Quels changements voyez-vous entre la contribution carbone présentée le 20 janvier en Conseil des ministres et celle rejetée par le Conseil constitutionnel ?

Le changement concerne les entreprises soumises au système européen de quotas d’émission (ETS). Elles seront concernées par la contribution carbone jusqu’à 2013, c’est-à-dire jusqu’à ce que leurs quotas ne soient plus gratuits. Cette modification devrait satisfaire le Conseil constitutionnel, mais je crains qu’elle ne débouche sur une usine à gaz. Le système d’exonération étant encore plus complexe par rapport à la première version.

L’articulation entre la taxe carbone française et les entreprises soumises à l’ETS vous paraît-elle juste et cohérente ?

Je pense que le marché de quotas européens donne le bon signal-prix, même si les quotas sont gratuits. Dans la première version du texte sur la taxe carbone, les entreprises non-soumises à l'ETS payaient leurs émissions à la première tonne, tandis que les entreprises soumises au marché de quotas ne payaient que le marginal. 

Cette seconde version veut leur fait payer la totalité, tout en mettant en place des exonérations, selon des critères peu clairs pour ne pas entraver leur compétitivité.

Quelles sont les pistes pour bâtir ces critères d’appréciation ?

La communication du Conseil des ministres évoque par exemple le caractère intensif en énergie. Ce critère assez facile à évaluer: il s’agit de calculer la part des consommations intermédiaires d’énergie dans la consommation totale d’une installation.

En revanche, le critère d’exposition à la concurrence internationale est susceptible de grands marchandages politiques. Certains lobbies vont arguer d’une très forte concurrence et demander des exonérations importantes.

Ne risque-t-on pas de se retrouver avec une exonération de la quasi-totalité des installations soumises à l’ETS ?

À part les électriciens, qui auront peu de marges de manœuvre, parce qu’ils sont très fortement régulés par le gouvernement, je pense que oui. 

Je ne suis pas sûr que le Conseil constitutionnel ait bien compris ce qu’est une incitation économique.

De mon point de vue, la taxe carbone a le même pouvoir incitatif que le marché européen, même si l’allocation des quotas initiale est gratuite. Il était très difficile d’imaginer un meilleur système dès lors qu’il y avait cette décision du Conseil constitutionnel, et que le marché européen et la taxe française n’ont pas le même périmètre. 

Beaucoup disent qu’une taxe carbone française sans équivalent européen ne ferait que renforcer les distorsions de concurrence. Est-ce aussi votre avis ?

Oui.
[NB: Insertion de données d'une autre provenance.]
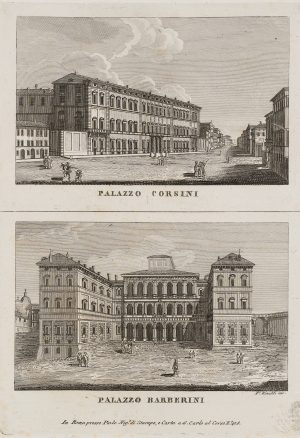 PALAZZI CORSINI und BARBERINI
Il faut mettre en place deux dispositifs européens harmonisés: le marché de quotas et la taxe. Sans cela, il sera impossible de mener une politique globale au niveau européen pour éviter les pertes de compétitivité. La taxe carbone française est très faible, et sera très mal articulée avec le dispositif européen qui, pour l’instant, est la seule chose qui marche à peu près. 
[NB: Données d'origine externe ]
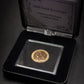 Antique 1896 Gold Sovereign Queen Victoria Old Head Boxed Collectable Coins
Le maintien du prix de la tonne de CO2 à 17 euros vous paraît-il efficace ?

Ce n’est pas très efficace, mais l’argument qui consiste à dire que le prix du carbone doit être à peu près unique n’est pas mauvais. Une très grande différence entre un prix européen et un prix français du carbone n’aurait pas beaucoup de signification économique. Tout dépend de ce qui va se passer sur le marché européen.